* Task directions *
Word for word, copy the lines beginning at the one with "House in Megala" and ending at the last line below; pictures stay out.

Scraped caption text data

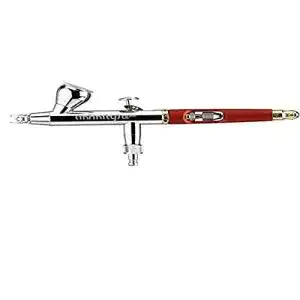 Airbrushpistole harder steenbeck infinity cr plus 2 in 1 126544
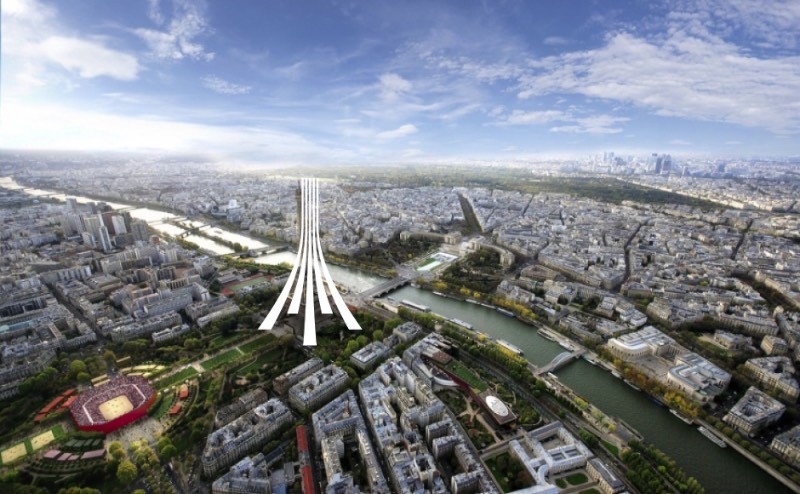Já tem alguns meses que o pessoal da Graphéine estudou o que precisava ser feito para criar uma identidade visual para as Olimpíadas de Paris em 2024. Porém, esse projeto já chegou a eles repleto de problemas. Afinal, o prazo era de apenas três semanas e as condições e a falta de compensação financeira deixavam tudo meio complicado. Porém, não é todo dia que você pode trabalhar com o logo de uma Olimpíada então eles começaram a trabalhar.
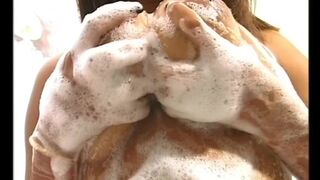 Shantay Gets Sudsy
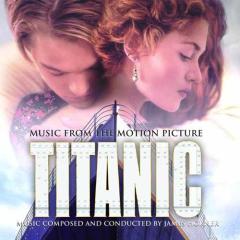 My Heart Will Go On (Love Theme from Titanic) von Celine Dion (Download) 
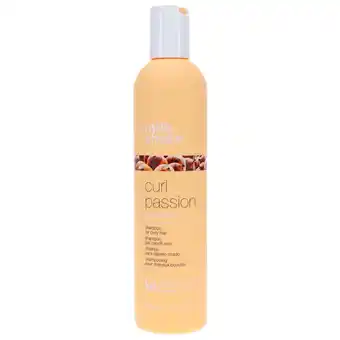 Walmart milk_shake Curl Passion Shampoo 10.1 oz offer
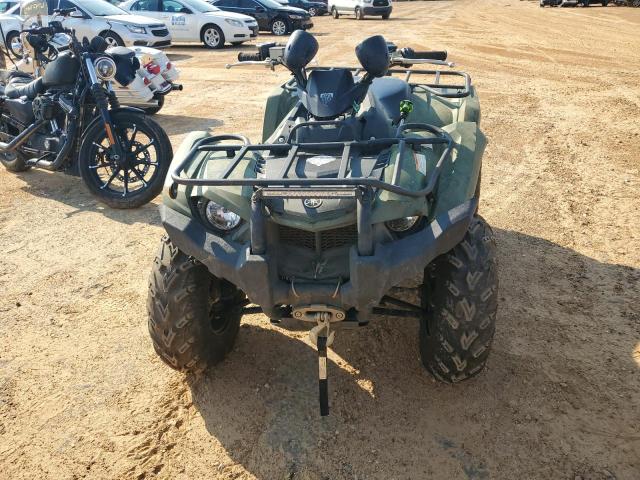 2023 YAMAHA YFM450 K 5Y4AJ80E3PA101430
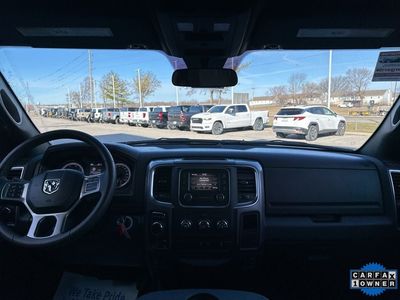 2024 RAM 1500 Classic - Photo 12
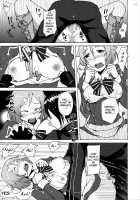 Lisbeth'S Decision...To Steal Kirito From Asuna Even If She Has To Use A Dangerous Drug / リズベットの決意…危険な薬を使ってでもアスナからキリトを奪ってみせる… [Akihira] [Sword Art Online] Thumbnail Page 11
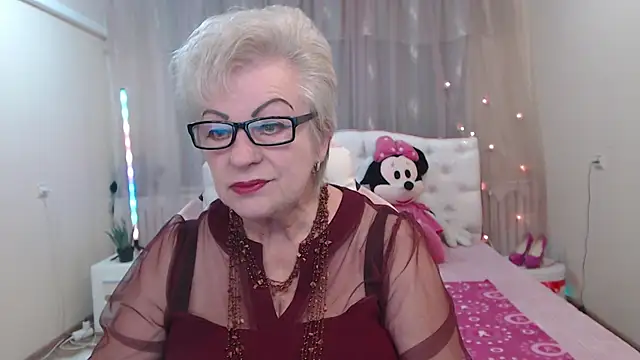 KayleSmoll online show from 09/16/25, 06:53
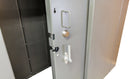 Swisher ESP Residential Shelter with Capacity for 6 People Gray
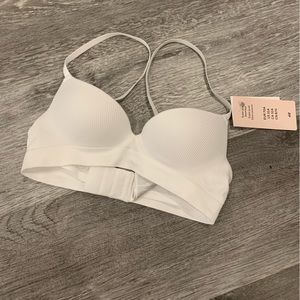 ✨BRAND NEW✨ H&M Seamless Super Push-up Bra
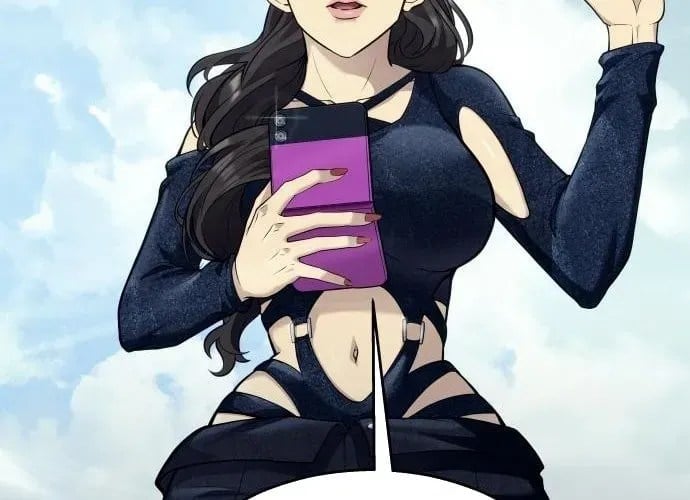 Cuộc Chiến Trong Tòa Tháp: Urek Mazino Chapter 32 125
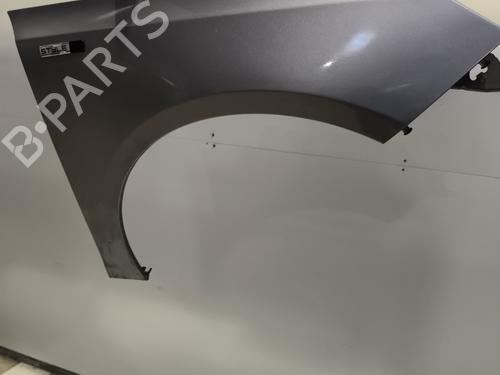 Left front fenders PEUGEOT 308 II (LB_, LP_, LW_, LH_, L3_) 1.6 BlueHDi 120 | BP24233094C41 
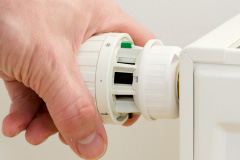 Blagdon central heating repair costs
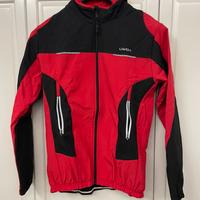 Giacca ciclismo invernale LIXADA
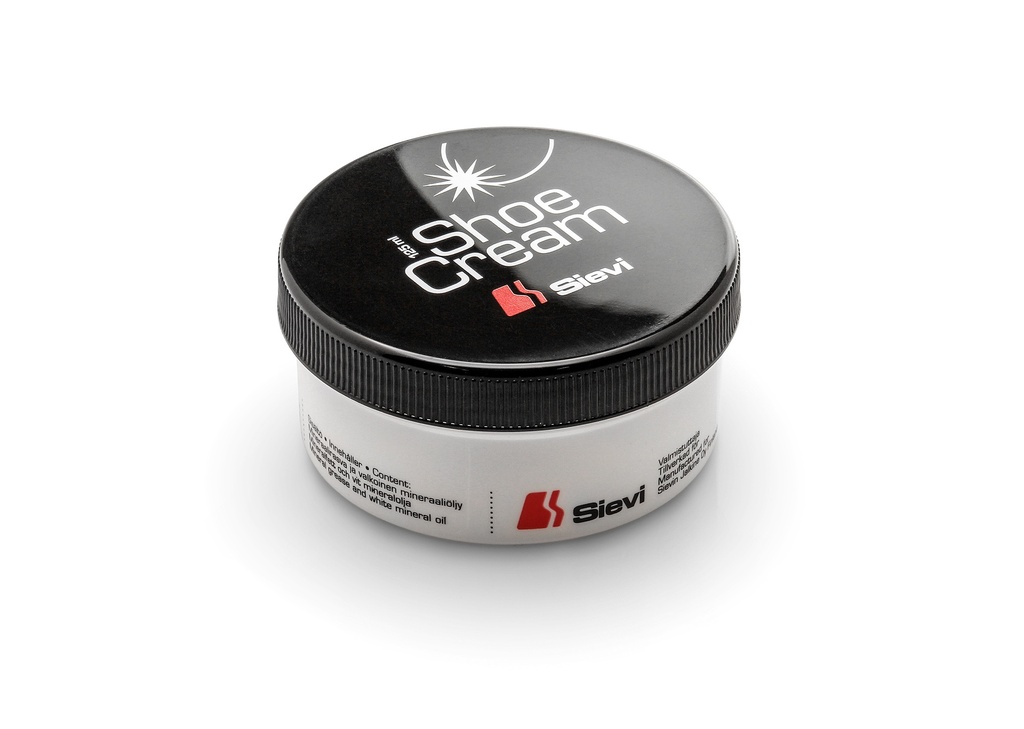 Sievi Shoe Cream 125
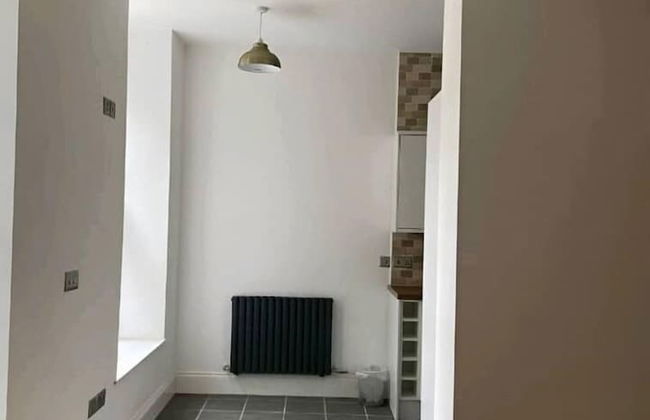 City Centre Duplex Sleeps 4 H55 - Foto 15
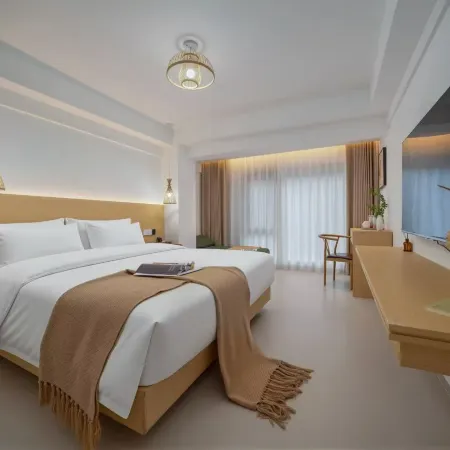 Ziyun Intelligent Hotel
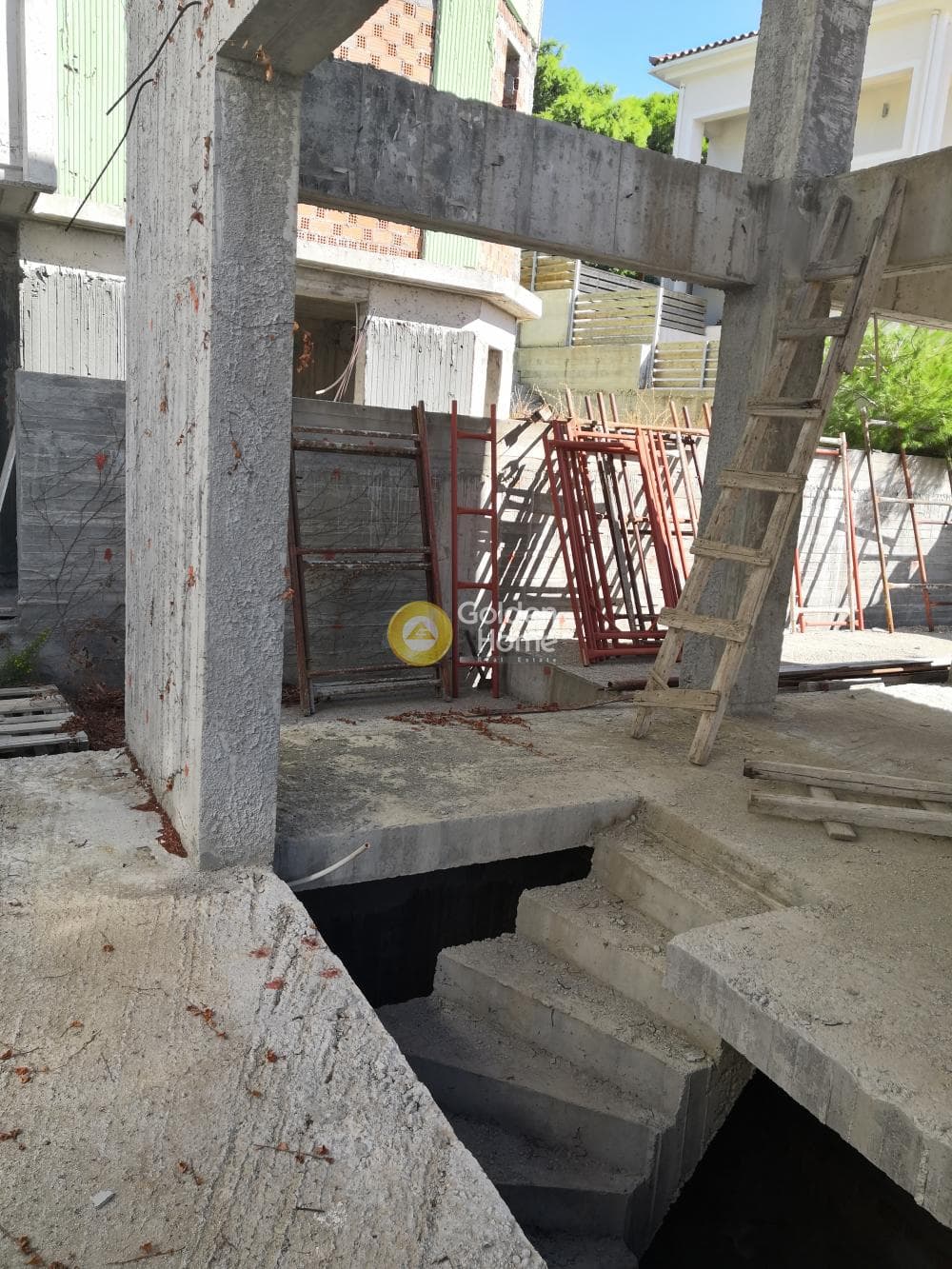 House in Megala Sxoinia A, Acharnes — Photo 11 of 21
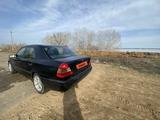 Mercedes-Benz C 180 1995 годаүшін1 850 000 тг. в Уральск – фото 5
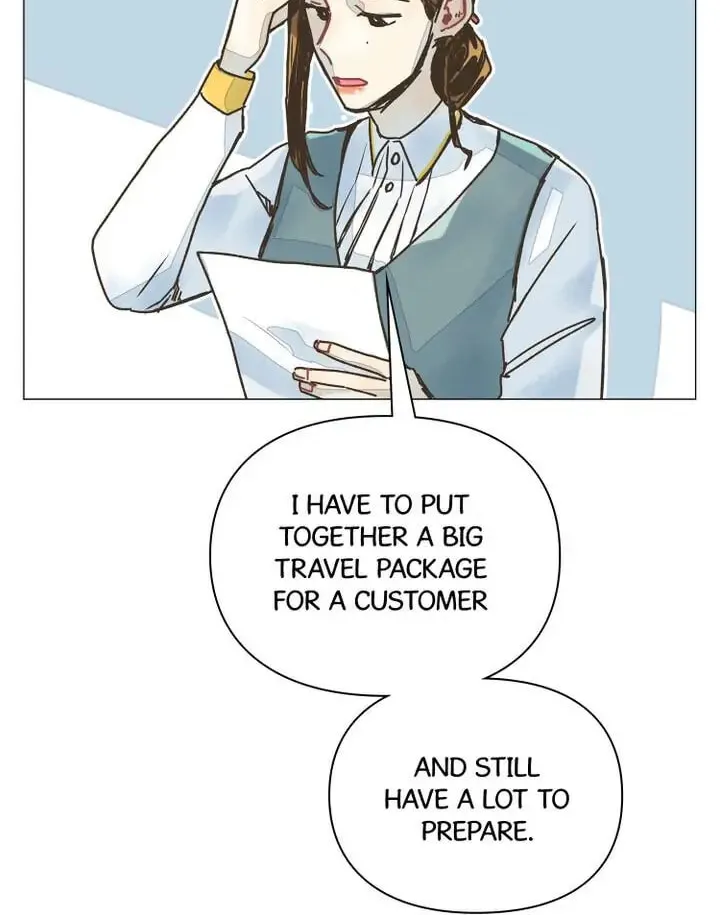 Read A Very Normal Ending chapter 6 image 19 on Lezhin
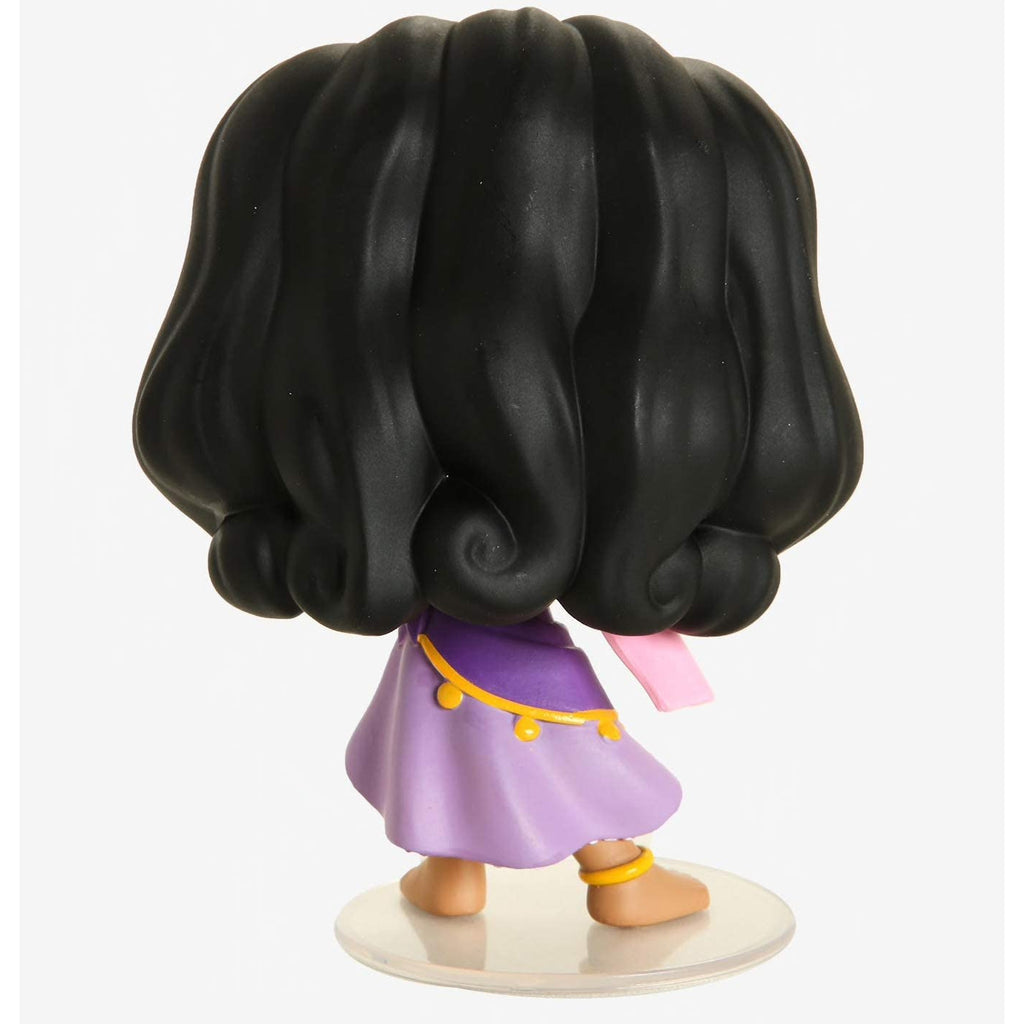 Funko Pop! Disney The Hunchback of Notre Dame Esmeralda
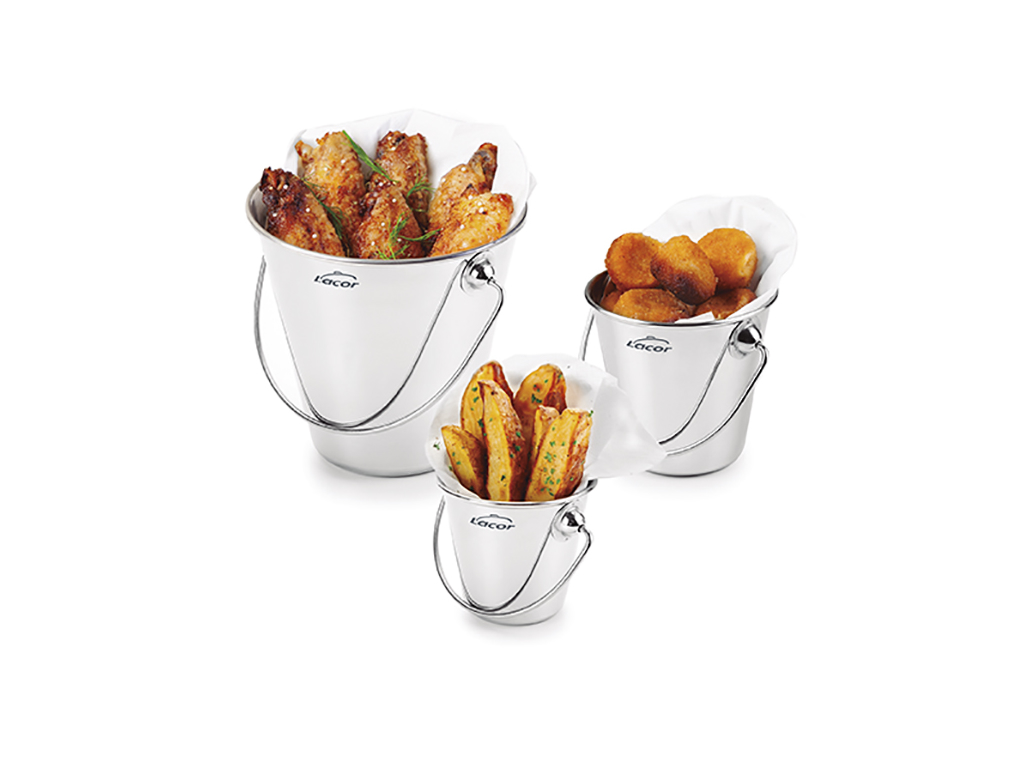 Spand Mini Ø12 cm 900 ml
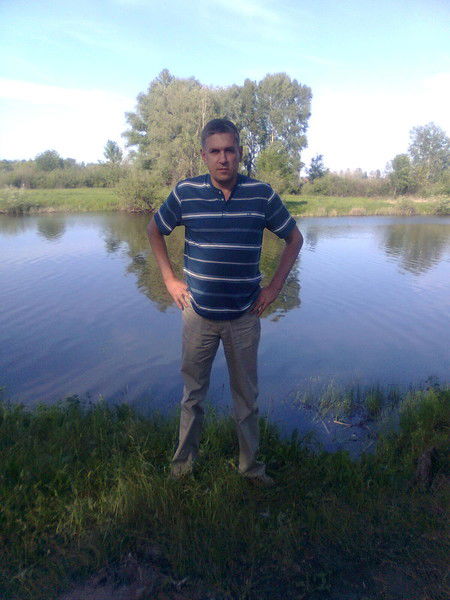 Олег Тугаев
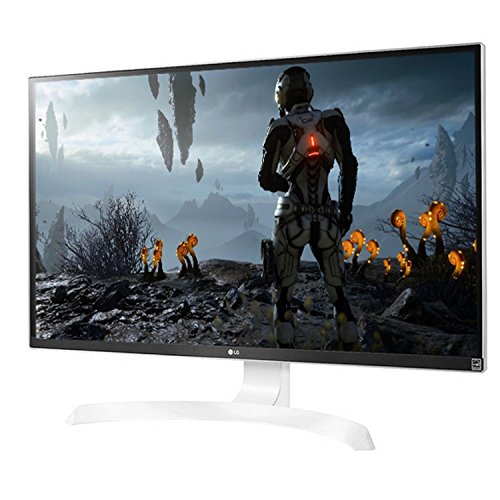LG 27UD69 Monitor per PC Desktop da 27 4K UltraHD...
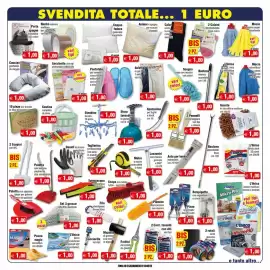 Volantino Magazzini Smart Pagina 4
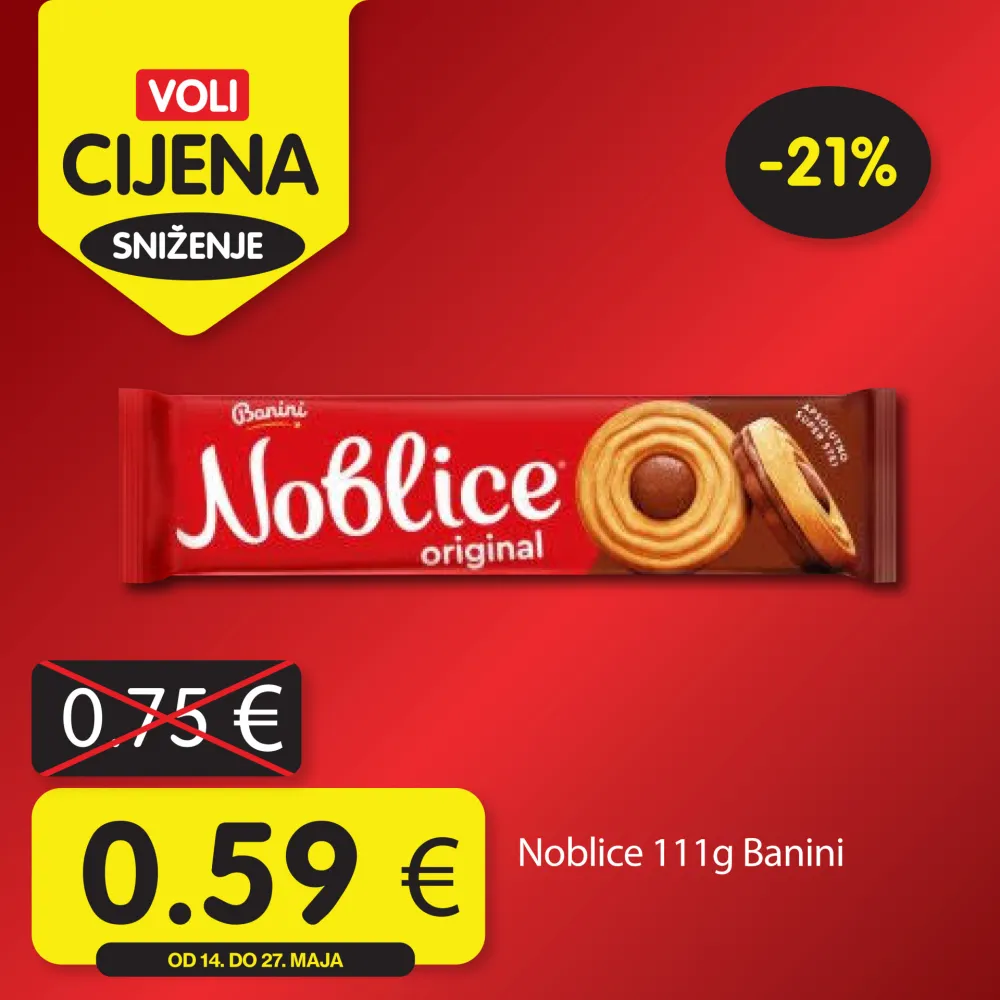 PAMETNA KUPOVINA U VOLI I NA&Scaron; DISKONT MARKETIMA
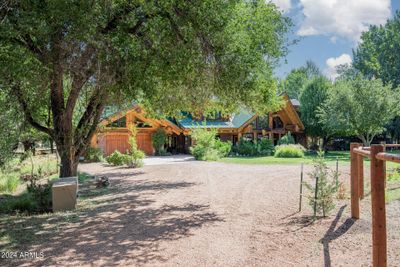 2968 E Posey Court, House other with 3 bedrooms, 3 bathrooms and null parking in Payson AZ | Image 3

* Finished exercise *
 House in Megala Sxoinia A, Acharnes — Photo 11 of 21
 Mercedes-Benz C 180 1995 годаүшін1 850 000 тг. в Уральск – фото 5
 Read A Very Normal Ending chapter 6 image 19 on Lezhin
 Funko Pop! Disney The Hunchback of Notre Dame Esmeralda
 Spand Mini Ø12 cm 900 ml
 Олег Тугаев
LG 27UD69 Monitor per PC Desktop da 27 4K UltraHD...
 Volantino Magazzini Smart Pagina 4
 PAMETNA KUPOVINA U VOLI I NA&Scaron; DISKONT MARKETIMA
 2968 E Posey Court, House other with 3 bedrooms, 3 bathrooms and null parking in Payson AZ | Image 3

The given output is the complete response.